The Little-Known Mutual Fund That Loved WeWork

The disruptive promise of WeWork — the real estate startup founded in New York City by a failed entrepreneur who dreamed of creating a global social movement of millennials looking for cheap office space and free beer pong — captured the wallets of many serious money men before reality brought the company close to ruin this fall.

It wasn’t just SoftBank’s Masayoshi Son, the Japanese venture capitalist who began plunking billions into WeWork in 2017 and famously told CEO Adam Neumann that he wasn’t “crazy enough.” None other than the U.S.’s largest and most prestigious bank, Jamie Dimon’s JPMorgan Chase, wrangled the lead on the IPO and also extended a personal credit line to Neumann of $500 million. Wizened real estate investor Mort Zuckerman was an investor, as were veteran venture capital players Goldman Sachs and Benchmark Capital. Even Harvard’s endowment was onboard.
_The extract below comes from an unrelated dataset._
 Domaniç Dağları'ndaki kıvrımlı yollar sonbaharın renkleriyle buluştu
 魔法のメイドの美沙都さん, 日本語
But there is a little-known player in the saga that sheds a different light on the era that the excesses of WeWork have come to represent: the Hartford Capital Appreciation Fund, a Wayne, Pennsylvania–based $7.1 billion mutual fund loaded with investments in unicorns. These private companies, each valued at more than $1 billion, were placed there by subadviser and Wellington Management senior managing director Michael Carmen, a star VC investor of the mutual fund world.

The Hartford fund’s investment, made in December 2014, came to represent the biggest stake, on a percentage basis, that any mutual fund had in WeWork.